Mandeville, LA – Exclusive Transcript – “You see, Eric, it doesn’t matter how many times we explain this, how many times we go over this, it goes right over the heads of people. What is frustrating to me and just drives me nuts is why the average citizen, when he is told that he is free to live inside his sovereign state and govern himself says, [mocking] ‘No, I want to be told what to do by the Supreme Court. You’re an idiot!’ It doesn’t even make any sense.” Check out today’s transcript for the rest…
Begin Mike Church Show Transcript & Founders Pass Members Video/Audio Clip of The Day
Mike: Yeah, Scott, you’re missing something. You’re missing an awful lot. Number one, privileges as guaranteed by the Bill of Rights refer to property. That’s 18th century speak, privileges is property, the right to own property, so it wouldn’t apply. Second of all, I don’t think I want to get into another drawn-out discussion about how the 14th Amendment has been perverted from 1928 on to be used as a club to bludgeon the states and to compel the states into the service of the Bill of Rights. This is well documented. Don’t take my word for it. Again, you can search for it on the website at MikeChurch.com. You can get a great book by the Harvard legal scholar Raoul Berger, Government by Judiciary. Berger will lay the entire case out for you since you people refuse to believe me, refuse to believe Professor Gutzman, refuse to believe Professor Woods or McClanahan or DeRosa or Don Livingston or anyone else that’s alive. So let’s try someone that’s dead, Raoul Berger. Read the book Government by Judiciary and convince yourself.
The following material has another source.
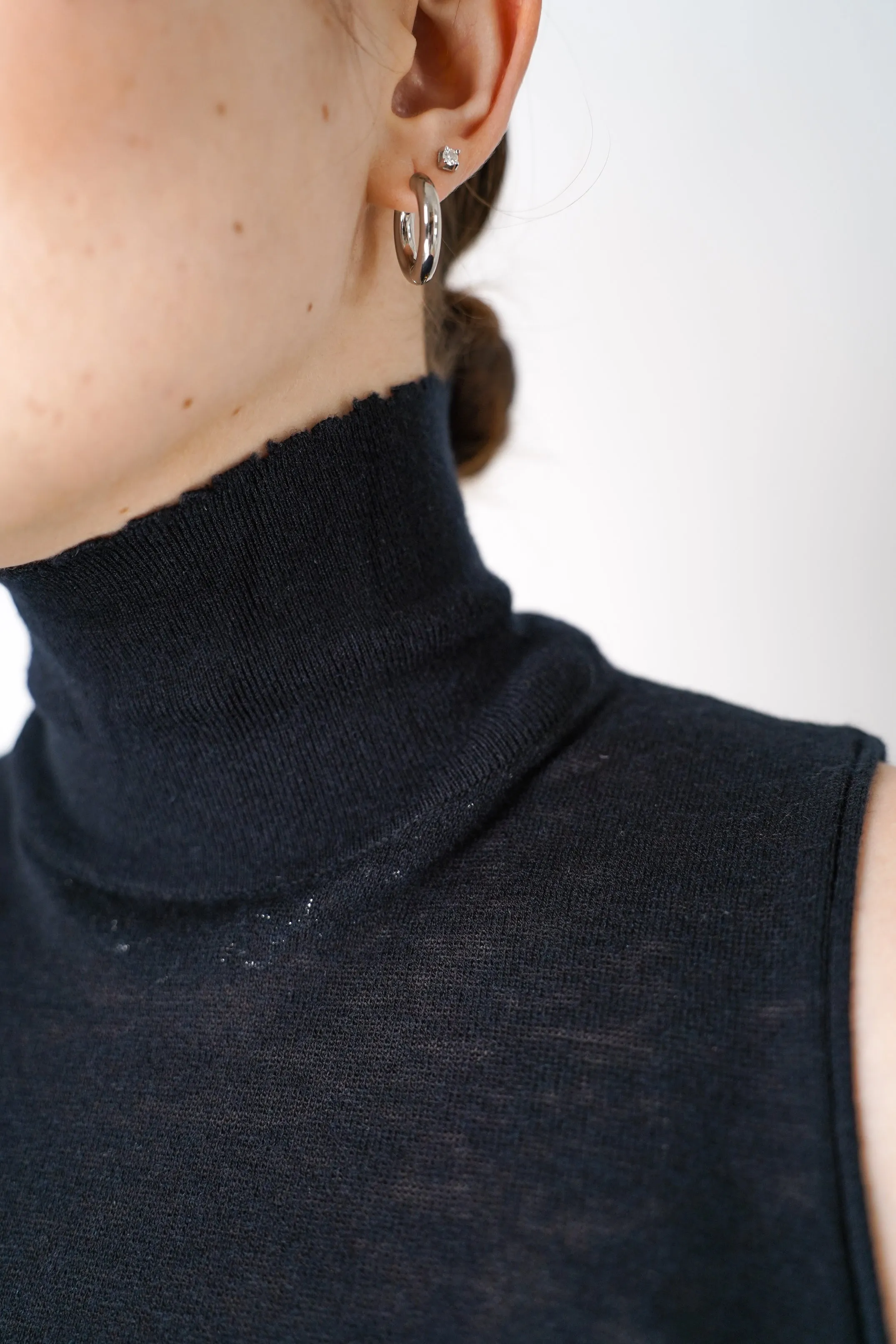 Dorothee Schumacher Knitted Wool Cashmere Sleeveless Turtleneck in Black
It’s not true, it’s not why the 14th Amendment was ratified. Well, the 14th Amendment was never ratified. It’s not why the 14th Amendment was written. It has nothing to do with applying the Bill of Rights against the states, nothing to do with it whatsoever. This is a manufactured use of the 14th Amendment by 21st century Supreme Courts. Why? So they can expand their power. Why people so desperately want to believe that the Bill of Rights is universal is just a mystery to me. I still don’t understand it. Maybe one of you that’s an incorporationista can explain that to us. If you can’t explain it orally, perhaps you can just write it down. Send it to [email protected]
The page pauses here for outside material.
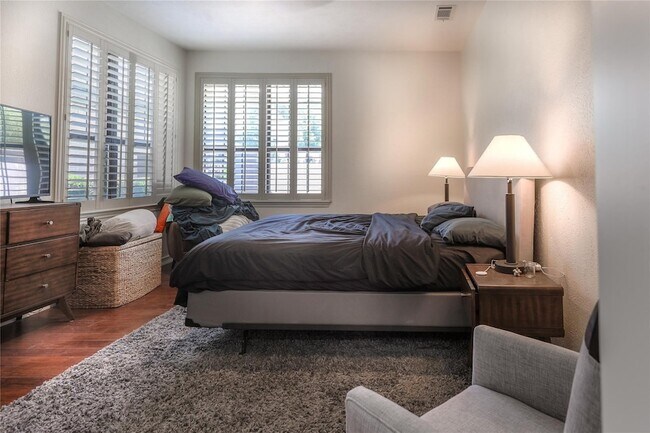 Building Photo - 224 Sovereign Ct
You see, Eric, it doesn’t matter how many times we explain this, how many times we go over this, it goes right over the heads of people. What is frustrating to me and just drives me nuts is why the average citizen, when he is told that he is free to live inside his sovereign state and govern himself says, [mocking] “No, I want to be told what to do by the Supreme Court. You’re an idiot!” It doesn’t even make any sense. So you want the large, centralized, tyrant monster to tell you — [mocking] “No, I want the Constitution to tell me.” The Constitution was not a charter of rights, it never was, which is why James Madison kept saying: Dude, I don’t think we ought to add a Bill of Rights because some nincompoops are going to come along in the 20th century, they’re not going to have any manners, their silverware is going to be made in China, they won’t manufacture anything, and they’re going to think that we meant the federal charter and the federal Bill of Rights applies to every known living soul on Earth. So Madison kept saying: No, not a good idea, not a good idea. But we got the Bill of Rights anyway. I think that Henry and company were correct, that they should have had a Bill of Rights.
You may notice that the preamble to the Bill of Rights is never published any longer. The preamble to the Bill of Rights clearly says to further restrain the powers of the new general government, we therefore offer these amendments. It doesn’t say anything about to further restrain the abuses of state legislatures, because it never would have been ratified. You know what the real problem here is that people cannot separate themselves from 18th century Americans to 21st century Americans. The 21st century American is almost incapable of critical thinking, almost incapable of accepting anything that goes against the big nationalist paradigm that you have been force fed your entire life and you now believe to be true, without any evidence to support that. [mocking] “Yeah, but I read it in a book by a radio host.” Oh, that’s evidence. What did he use as evidence? [mocking] “He had a letter from 1832 from James Madison.” Oh, he had a letter. I don’t think I want to live the rest of my life by that. How about you? I’ll tell you who explains this really well, especially when it comes to guns, is one of our three amigos. Dwayne Stovall explains it perfectly and puts it in context: Look, y’all looking at this all wrong. We want to make laws about guns in Texas. We don’t want them made in Washington, DC. We got a Second Amendment, y’all. We don’t need theirs.